The active galaxy RGB J0152+017, at a redshift z=0.080, was selected as target for H.E.S.S. observations because of its relative high radio and X-ray flux, characteristic for TeV-emitting active galaxies (Fig. 1). "RGB" denotes the Rosat/Green Bank catalog of objects detected in coincidence in Rosat X-ray data and in the Green Bank 5 GHz radio catalog. H.E.S.S. observed the source from Oct 30 to Nov 14, 2007 for a total of ~15 h live time. A preliminary on-site analysis showed a significant gamma-ray excess from the direction of RGB J0152+017, which was communicated by an Astronomer's Telegram, alerting other observatories.  Follow-up observations were performed with the ATOM optical telescope on the H.E.S.S. site, with the Nancay radio telescope, and by triggering target-of-opportunity observations with the Swift and RXTE X-ray instruments. The offline analysis of H.E.S.S. data confirmed the detection (Fig. 2); the source has a flux of about 2% of the flux from the Crab nebula and a spectrum with photon index of approximately 3.

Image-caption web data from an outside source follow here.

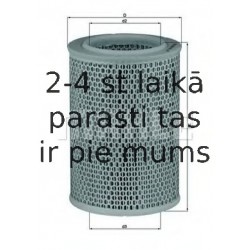 Воздушный фильтр MAHLE ORIGINAL LX 620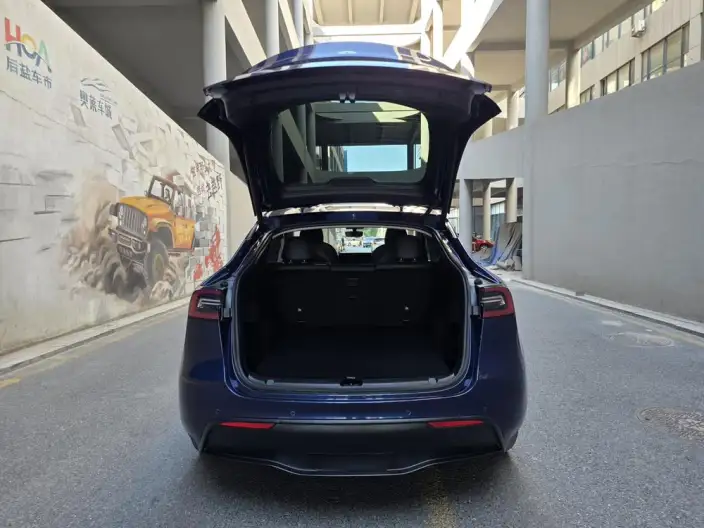 Model Y 2021 Model Long Battery Life Pro All-wheel drive version – фото 10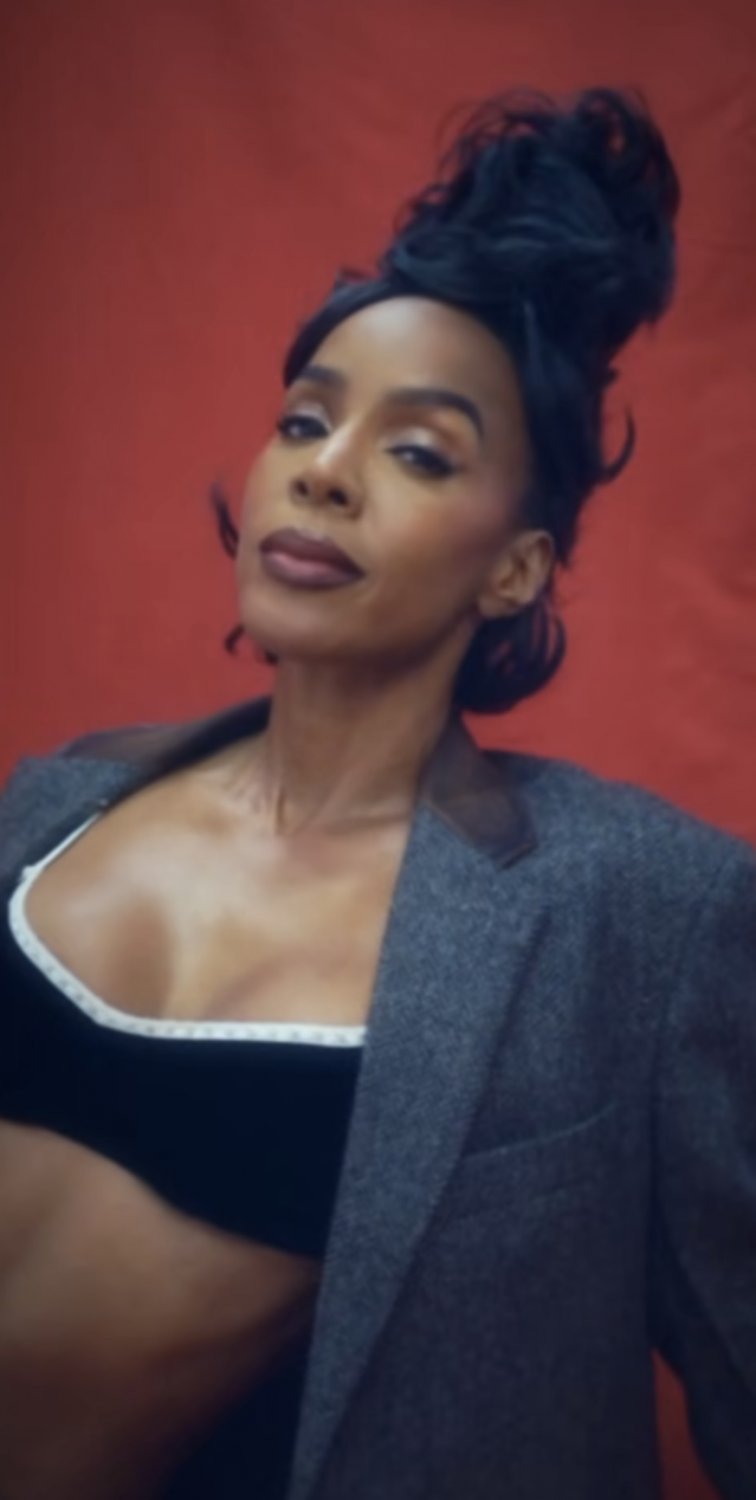 Black Slut Pop Star Kelly Rowland #RWN7t8sD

Modeling of the wide-band emission spectra of active galaxies is complicated due to the high variability of these objects, which on the one hand requires simultaneous observation in the different wavelength regimes of interest, and which on the other hand do not permit the use of steady-state solutions. In case of RGB J0152+01, virtually simultaneous data  was recorded in the radio, optical, X-ray and gamma-ray domains. In none of these, significant variability is seen, implying that the source was in a steady, non-flaring state. The measured energy output across the electronmagnetic spectrum is shown in Fig. 3. It can be interpreted in a SSC model (Katarzynski et al. 2001), where a rapidly moving compact blob of high-energy electrons inside the AGN jet emits synchrotron radiation and creates, by upscattering of sychrotron quanta by electrons, gamma rays, forming a double-humped spectrum. Optical frequencies receive a dominant contribution of thermal radiation from the host galaxy; an additional extended sychrotron source needs to be postulated to explain the radio data.

References:

Discovery of VHE gamma-rays from the high-frequency-peaked BL Lac object RGB J0152+017", H.E.S.S. collaboration, F. Aharonian et al., arXiv:0802.4021

Fig. 1: X-ray flux versus radio flux for active galaxies, from Costamante and Ghisellini (2002). Candidate VHE gamma-ray emitters are objects in the top right corner, combining high radio and X-ray flux. Objects detected in VHE gamma rays are shown by the black circles. RGB J0152+017 is shown as a red cross.
Fig. 2: Smoothed gamma-ray sky map of the region around RGB J0152+017; the color scale gives the gamma-ray flux, the black contours the 3, 4, 5 sigma significance levels. The star denotes the position of RGB J0152+017. The observed excess is consistent with a point source, the width of the distribution being compatible with the angular resolution of the instrument, has a significance of 6.6 standard deviations and the position is within the 20" errors consistent with the location of RGB J0152+017.
Fig. 3: Spectral energy distribution of radiation from RGB J0152+017; colored symbols refer to quasi-simultaneous observations by H.E.S.S., by the Swift and RXTE X-ray satellites, by the ATOM optical telescope and the Nancay radio telescope. The insets give expanded views of the X-ray and gamma-ray spectra. The solid line represents an SSC model where X-rays and gamma rays represent synchrotron radiation and inverse Compton scattering of electrons confined in a volume of about 1015 cm, moving at highly relativistic speed. An additional syncrotron component from a more extended region is added to explain the radio flux.